Turn the unit’s model into a reproducible operations loop: build the resolver walk end to end, validate DNSSEC, encrypt the transport, migrate a record with zero stale-window surprises, and recover a deliberately broken chain — proving each outcome with dig, not assertion.
Run a small DNSSEC-signed zone (lab.example or any domain you control, or a fully local root using a tool like dnslib/CoreDNS) behind your own recursive resolver, instrument the resolution path, then execute a zero-downtime IP migration and a KSK rollover — breaking and recovering the chain — with dig evidence for every claim.
- A captured +trace annotated with which hops are referrals vs the authoritative answer, and a note on whether glue was required (in-bailiwick) or not (out-of-bailiwick) for your nameservers.

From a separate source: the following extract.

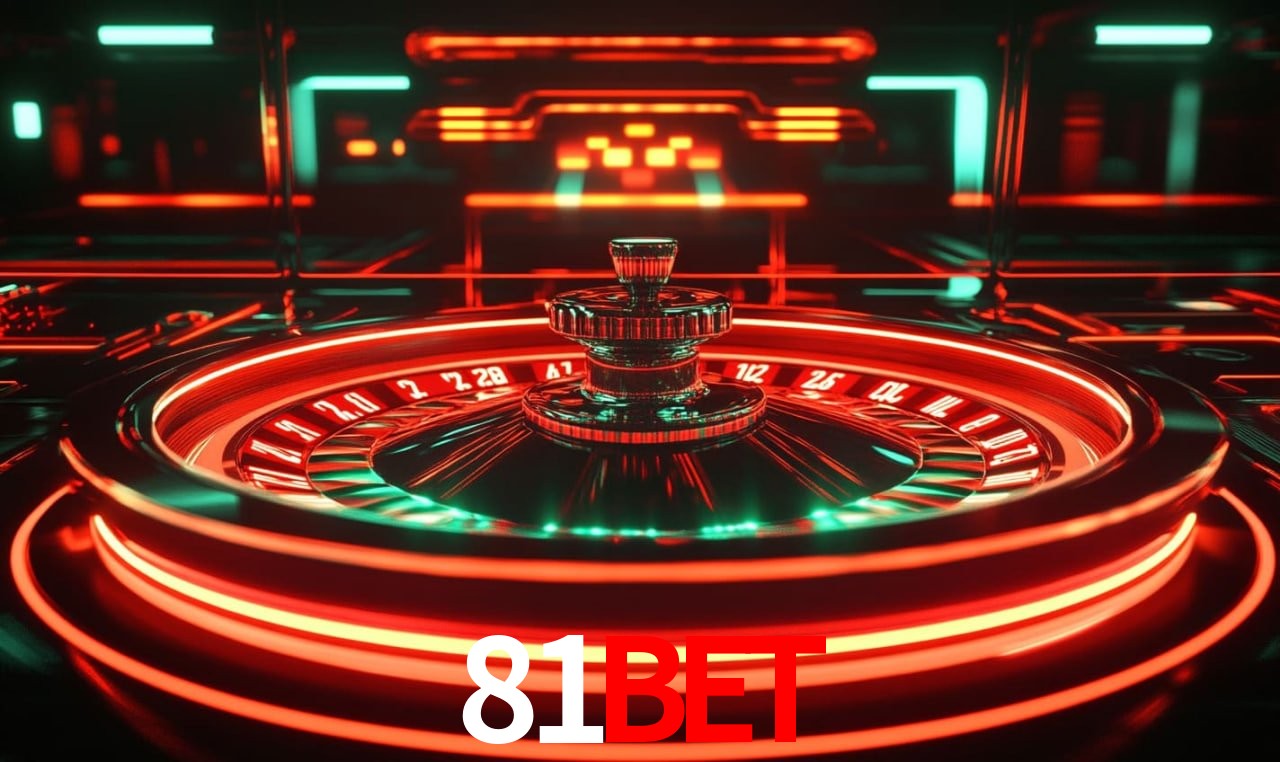 Apostas Esportivas na 81BET: Um Guia Completo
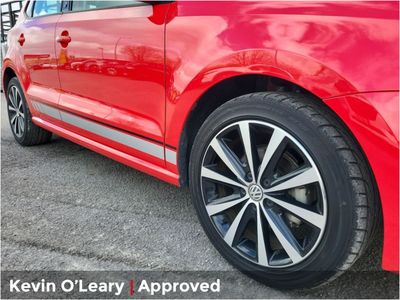 2016 Volkswagen Polo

- dig +dnssec output before the break showing AD set, and the break-state pair (SERVFAIL under +dnssec, NOERROR + correct A under +cd) with a one-line diagnosis naming the DS-vs-KSK mismatch.
- A timed migration log: dig results at intervals proving the new IP appears no later than the lowered TTL after the change, with the old TTL drained beforehand.
- A packet capture or resolver log showing the query travelling over DoH/DoT (encrypted) and not over plaintext UDP/53, plus a one-paragraph note on what DNSSEC adds that encryption does not, and vice versa.
- Add negative-caching evidence: query a non-existent subdomain twice and show the second NXDOMAIN served from cache (no upstream query) for min(SOA.MINIMUM, SOA.TTL); then show a brief SERVFAIL cache during an induced upstream failure.
- Switch NSEC to NSEC3 and demonstrate that zone-walking enumeration (e.g. with an NSEC-walking tool) succeeds under NSEC and is defeated under NSEC3.
- Add EDNS Client Subnet to upstream queries and show, via a geo-aware test authoritative, that the returned edge IP changes with the advertised subnet — then write up the privacy cost and why Cloudflare disables ECS by default.
- Write a one-page KSK-rollover runbook: the double-signature overlap window (publish new KSK alongside old for 2x max-TTL), the DS update step, the wait, the retirement, and automated DS-vs-DNSKEY consistency monitoring so the break in this project can never reach production.
This is the loop you will run for any real DNS change: build the resolution path so you can see referrals and glue, sign and validate so the AD bit means something, encrypt the transport without confusing it for integrity, migrate by draining the old TTL first so the stale window is bounded, and rehearse the KSK-rollover failure (+dnssec SERVFAIL, +cd success, DS-vs-KSK mismatch) so the recovery is muscle memory. Doing it once on a lab zone makes the production version — where 30-40% of users are at stake — routine instead of a 3 a.m. discovery.